Throwing an error aborts recovery, and worse means that manual
intervention will be needed to get the database to start again,
since otherwise the same error will recur on subsequent attempts to
replay the same WAL record. And the consequence of failing to
remove the directories is only that some probably-small amount of
disk space is wasted, so it hardly seems justified to throw an
error. Accordingly, arrange to report such failures as LOG messages
and keep going when a failure occurs during replay. Back-patch to
9.0 where Hot Standby was introduced. In principle such problems
can occur in earlier releases, but Hot Standby increases the odds of
trouble significantly. Given the lack of field reports of such
issues, I’m satisfied with patching back as far as the patch applies
– Fix postmaster to attempt restart after a hot-standby crash. The
postmaster was coded to treat any unexpected exit of the startup
process (i.e., the WAL replay process) as a catastrophic crash, and
not try to restart it. This was OK so long as the startup process
could not have any sibling postmaster children. However, if a
hot-standby backend crashes, we SIGQUIT the startup process along
with everything else, and the resulting exit is hardly “unexpected”.
Treating it as such meant we failed to restart a standby server
after any child crash at all, not only a crash of the WAL replay
process as intended. Adjust that. Back-patch to 9.0 where hot
standby was introduced.
– Mark some more I/O-conversion-invoking functions as stable not
volatile.

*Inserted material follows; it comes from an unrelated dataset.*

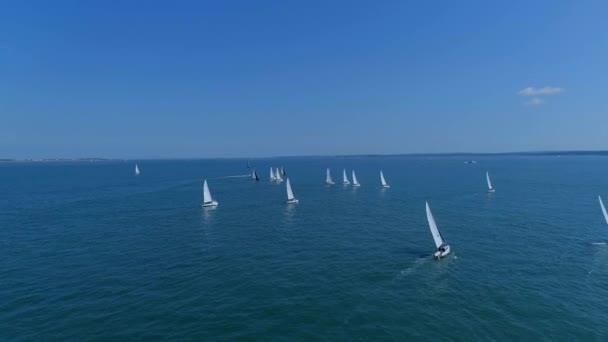 Summer Sailing Regatta Στο Sea Aerial View — Αρχείο Βίντεο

When written, textanycat, anytextcat, quote_literal, and
quote_nullable were marked volatile, because they could invoke
arbitrary type-specific output functions as part of casting their
anyelement arguments to text. Since then, we have defined a project
policy that I/O functions must not be volatile, as per commit
aab353a60b95aadc00f81da0c6d99bde696c4b75. So these functions can
safely be downgraded to stable. Most of the time this makes no
difference since they’ll get inlined anyway, but as noted by Andrew
Dunstan, there are cases where the volatile marking prevents
optimizations that the planner does before function inlining. (I
think I might have overlooked these functions in the earlier commit
on the grounds that inlining would make it moot, but not so — tgl)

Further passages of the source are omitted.